We the People of the United States, in Order to form a more perfect Union, establish Justice, insure domestic Tranquility, provide for the common defence, promote the general Welfare, and secure the Blessings of Liberty to ourselves and our Posterity . . . .
The Constitution of the United States, Preamble
You earn the money the government spends. The only way the government can obtain money is through taxation, and regardless of whom the government claims it is taxing, ultimately, the people pay all of the taxes.
A common misconception is that both people and companies pay taxes to the government. This is false. While the government certainly collects taxes from companies, people ultimately pay those taxes.
Consider a shoe store that sells a pair of shoes for $100. Suppose that there is no government and so no taxes of any sort. Suppose further that of the $100 the store receives for the shoes, $50 go to the manufacturer who made the shoes, $20 go to various companies to pay for overhead (rental on the floor space, racks, display cases, electricity, phone service, etc.), $15 go to the store’s employees, and $15 go to the stockholders and bondholders who invested the money to create the business. Now, suppose that a government springs into being and begins taxing the shoe store $5 per pair of shoes sold.
There are only four things the shoe store could do to pay the tax.
- The store could charge $5 more for the shoes.
- The store could pay its stockholders and bondholders $5 less in dividends and interest,
- The store could cut its employees’ pay by $5, or
- The store could negotiate with the manufacturer or the various firms to cut $5 off the price of the shoes or the overhead.
There is no other way the store can come up with the $5 tax. The store must do one (or a combination) of these four things.

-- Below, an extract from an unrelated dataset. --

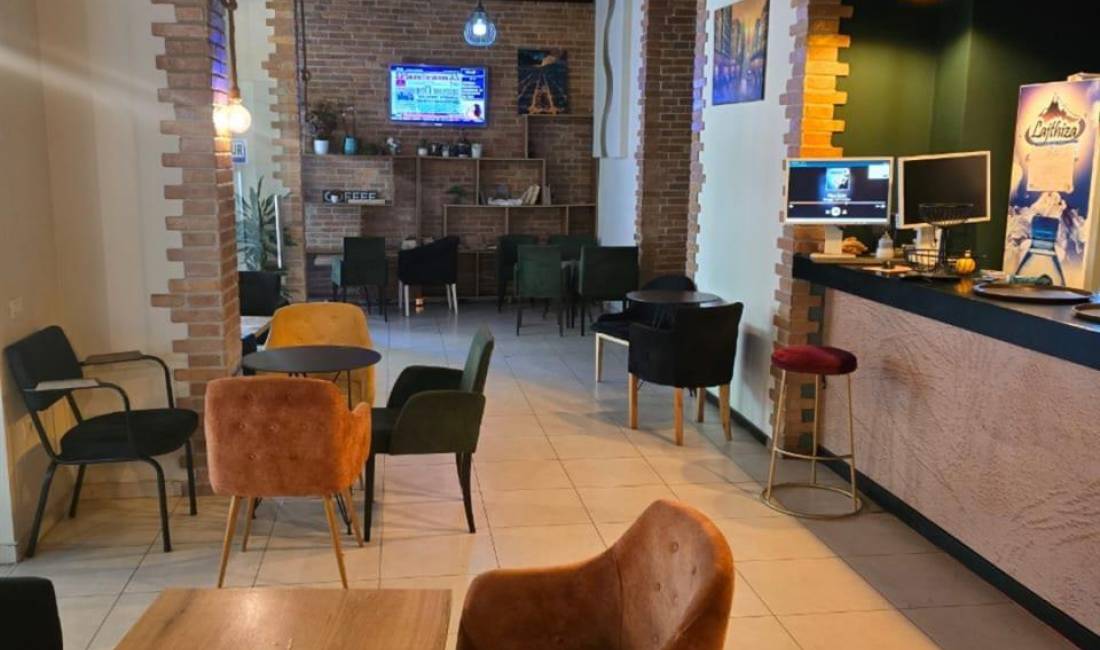 ⚡Jepet me Qira Bar-Kafe 600 Euro ,ish Parku Autobusave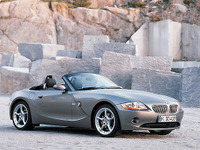 BMWの新型ロードスター『Z4』---写真見せます!! 実物は秋に 画像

Observe who pays the tax in each of these four cases. If the store increases the price of the shoes by $5, then the store’s customers will have paid the tax. Yes, the government would collect the tax from the shoe store, but if the store raises the price of its shoes $5 in response to the $5 tax, then the customers are actually paying the tax. If the store pays its stockholders and bondholders $5 less, then the stockholders and bondholders will have paid the tax. If the store pays its workers $5 less, then the workers will have paid the tax. If the store negotiates a lower price from the manufacturer or lower rental from the landlord, then the manufacturer or the landlord will have paid the tax. In each case, it appears that someone other than the shoe store pays the tax. People either pay taxes directly, or they pay indirectly through higher prices, lower returns on investments, or lower wages. Even taxes that companies pass on to other companies, as in the case of the shoe store negotiating a reduced price from the manufacturer, are paid by people because those companies will pass the tax on to their customers, investors, or workers.